Both controllers interviewed by Epoca begged to disagree (as have many of their colleagues and every airline pilot I have spoken to about flying over the Amazon). And both said the Brasila center lost radio contact as the Legacy passed through its sector in what would turn out to be a collision course with the 737.

Said Controller B, "On that day, the [radio] frequency of that area [the impact point] was without transmission and without reception." Controller B continued that under normal circumstances, "Communication is not clear. This is very dangerous."

In fact, the same day as the crash, added Controller A, two commercial TAM Airlines flights in the sector reported problems communicating with the air traffic control center. After finally getting through, "the first thing they said: 'Brasila, I tried for a half hour to talk to you on all frequencies and did not get in contact.'"

Such transmissions are routinely recoded, Controller A said, adding: "But nobody is going to release this information. They can even have erased it."

Said Controller B: "The blind zone exists. It is a very large area, greater than several states [of Brazil]. ... It is a big rectangle in the middle of the country."

This, he said, is a situation air traffic controllers face: "[He] who sees does not control and [he] who controls does not see."

Brasil, by the way, is about the size of the continental U.S.

Incidentally, in the translations I've seen, Brazilian journalists focus on the emotional aspect of the air controllers' story ("We were stricken!") and don't ask the tough questions, including, why did you remain silent all this time and, Brasila had initial radio contact with the Legacy when it entered its sector at 37,000 feet under orders from San Jose, its departing sector, with orders to maintain 370 all the way to Manaus. Knowing that its equipment was not trustworthy, why didn't Brasilia routinely verify the altitude with the Legacy pilots before it sent them into the blind zone?

Meanwhile, the newspaper O Globo and its television network partner reported that an unnamed controller from the Brasilia center (there is no way to tell if it might be one of the two controllers quoted in Epoca) said that Brazil's air traffic system remains manifestly unsafe. "The bomb is on again," he said. "It is going to explode. It already happened and it is going to happen again."

So there are in fact blind zones? "The area is blind, deaf and dumb," the controller said.

That controller, too, seems to be peering at the looking glass there in the Amazonian wonderland and seeing nothing more than his own aggrieved reflection. "I don't want anyone to go through this experience," he said, presumably referring not to the experience of dying in a horrible crash, or even the experience of being held hostage and falsely accused, but rather the experience of being an air traffic controller in the system that actually caused the crash.

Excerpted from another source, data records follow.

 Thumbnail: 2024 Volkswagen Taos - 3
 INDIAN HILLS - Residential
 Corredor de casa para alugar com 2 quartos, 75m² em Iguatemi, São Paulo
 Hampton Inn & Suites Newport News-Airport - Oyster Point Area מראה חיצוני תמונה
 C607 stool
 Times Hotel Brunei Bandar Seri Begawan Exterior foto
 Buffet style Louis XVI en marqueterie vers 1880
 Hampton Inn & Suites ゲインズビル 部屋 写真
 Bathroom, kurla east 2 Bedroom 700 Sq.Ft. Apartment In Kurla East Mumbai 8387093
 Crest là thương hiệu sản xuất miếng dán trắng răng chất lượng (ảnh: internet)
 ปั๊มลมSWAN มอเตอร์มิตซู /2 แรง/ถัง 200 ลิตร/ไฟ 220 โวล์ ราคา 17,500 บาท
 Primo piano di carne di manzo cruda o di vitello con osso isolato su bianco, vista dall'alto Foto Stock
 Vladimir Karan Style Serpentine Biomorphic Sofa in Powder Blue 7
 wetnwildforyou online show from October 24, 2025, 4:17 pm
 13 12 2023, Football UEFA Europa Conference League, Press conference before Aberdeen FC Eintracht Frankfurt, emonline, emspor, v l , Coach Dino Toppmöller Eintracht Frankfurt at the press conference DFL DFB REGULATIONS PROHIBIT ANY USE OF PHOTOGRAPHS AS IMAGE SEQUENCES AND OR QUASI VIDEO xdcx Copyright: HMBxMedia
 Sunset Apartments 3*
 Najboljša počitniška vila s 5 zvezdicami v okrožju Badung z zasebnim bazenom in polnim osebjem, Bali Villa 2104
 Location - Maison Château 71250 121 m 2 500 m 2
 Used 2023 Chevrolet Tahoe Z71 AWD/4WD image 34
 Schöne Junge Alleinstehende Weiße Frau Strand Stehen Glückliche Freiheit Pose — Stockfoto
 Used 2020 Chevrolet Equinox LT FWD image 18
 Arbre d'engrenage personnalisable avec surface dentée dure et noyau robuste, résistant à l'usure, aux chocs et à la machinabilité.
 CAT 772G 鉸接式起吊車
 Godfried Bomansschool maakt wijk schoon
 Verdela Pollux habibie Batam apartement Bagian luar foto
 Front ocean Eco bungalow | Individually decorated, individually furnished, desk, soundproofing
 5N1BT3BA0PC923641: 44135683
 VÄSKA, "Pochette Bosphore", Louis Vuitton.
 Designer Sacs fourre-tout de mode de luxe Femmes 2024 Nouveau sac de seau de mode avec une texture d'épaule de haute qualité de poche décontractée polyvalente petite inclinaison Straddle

Asked how he's been doing, the controller replies, "Very bad. I only think about what hurts me. ... It's just this injustice in life. You ask yourself why it was me who was chosen to be there at that moment; why it wasn't someone else? ... The emotional side is injured."

Perhaps the emotional side would feel better if it had not abetted the coverup for so long. Excuse me while I call Amnesty International to report the injustices suffered by this man wailing in the control center and waiting for psychological comfort while 154 others lay dead in the jungle.

Meanwhile, the coverup continues in Brazil, with air traffic controllers who ARE willing to speak having to do so like members of the witness protection program in the old mob days in the U.S.

The authorities scramble to cover their butts. The air traffic controllers continue work-to-rule protests to underscore both their concerns about unsafe working conditions and their fears that blame will be directed to them, and not to the broken system they try against the odds to keep working.

The two pilots, both from Long Island, remain under virtual house-arrest in a hotel in Rio. The U.S. State Department, as noted in yesterday's post, doesn't seem remotely interested in raising any commotion about the case.

And Joe Lepore, 42, and Jan Paladino, 34, have now been held hostage in Brazil for 65 days.